Excerpted records
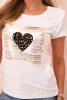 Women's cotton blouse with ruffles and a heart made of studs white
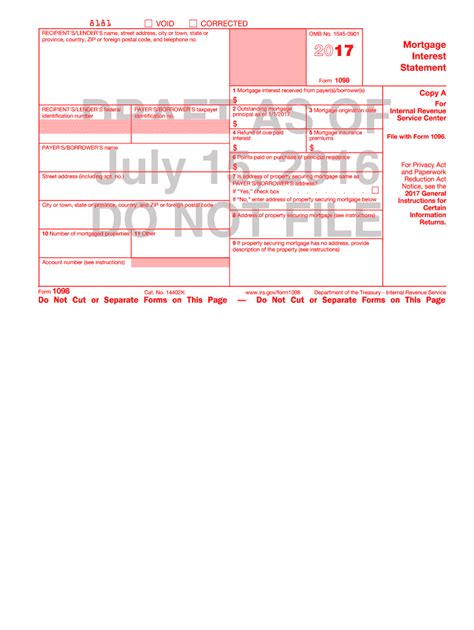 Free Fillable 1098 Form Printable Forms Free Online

==

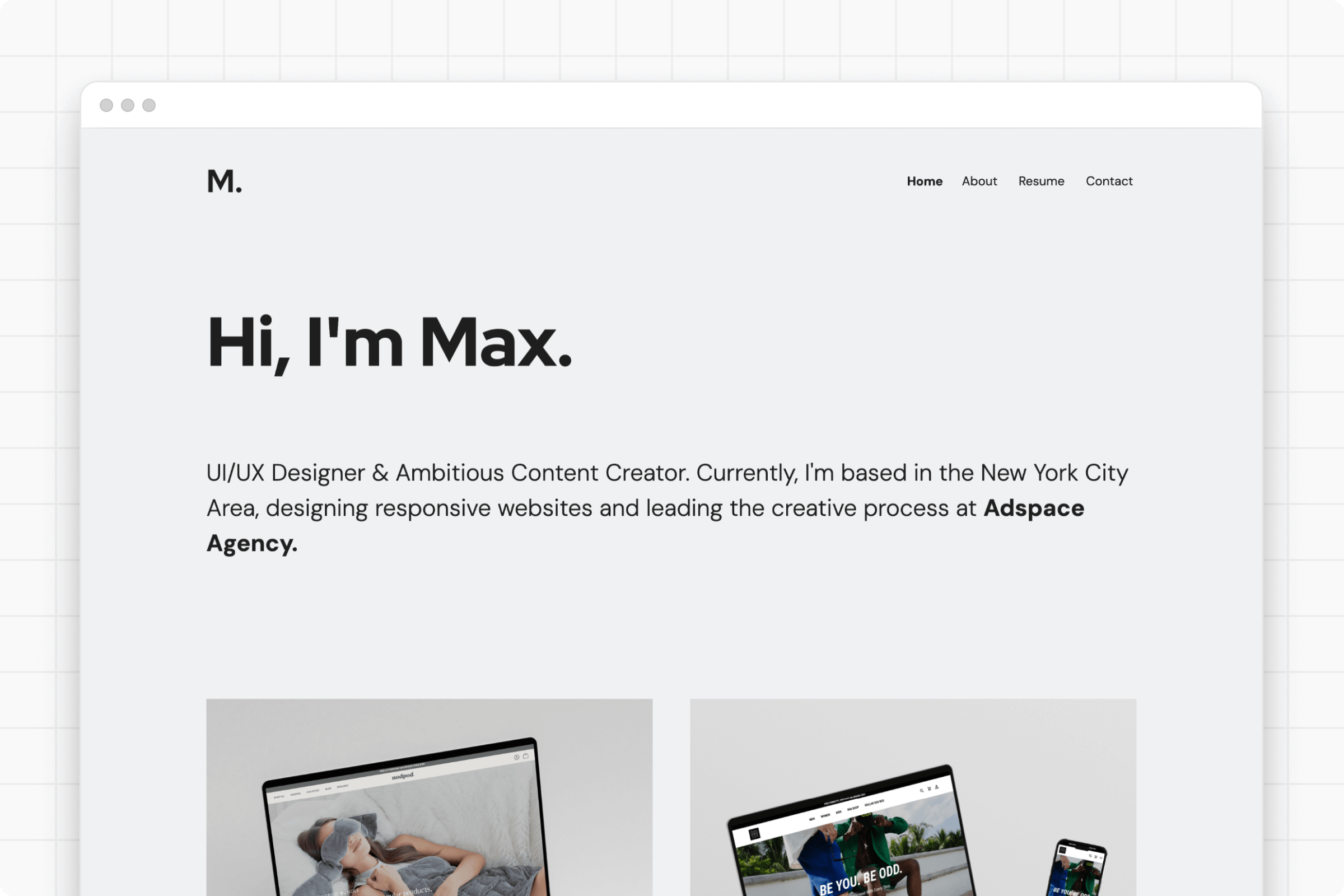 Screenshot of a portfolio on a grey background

---

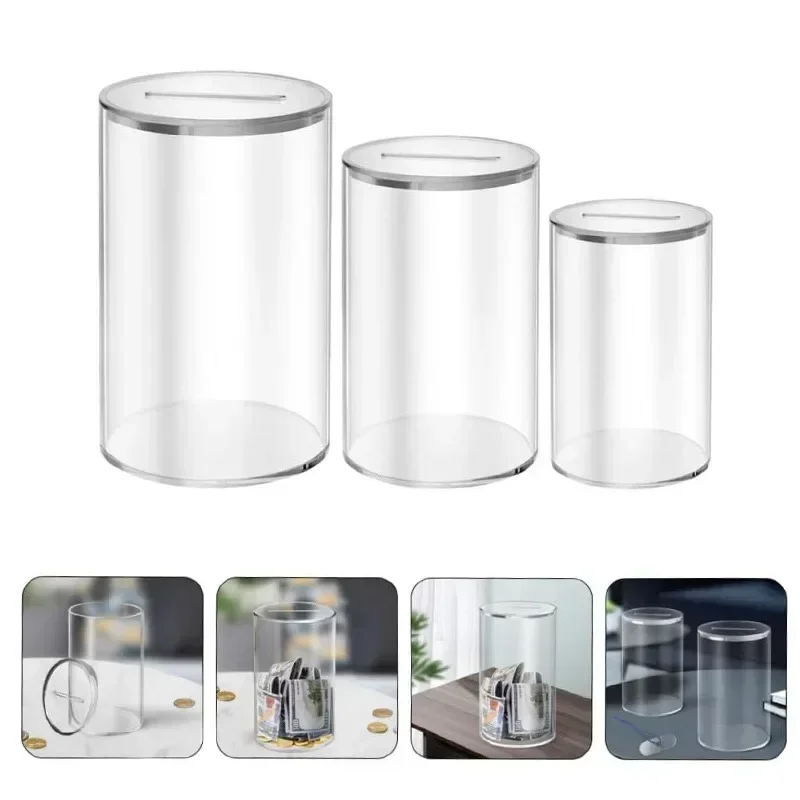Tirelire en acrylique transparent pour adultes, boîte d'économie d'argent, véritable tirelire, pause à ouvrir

Problem statement
Beginning with the line that contains "Women's cotton blouse" and ending with the line that contains "Free Fillable 1098", reproduce the listing exactly, pictures excluded.

Solved problem
 Women's cotton blouse with ruffles and a heart made of studs white
 Free Fillable 1098 Form Printable Forms Free Online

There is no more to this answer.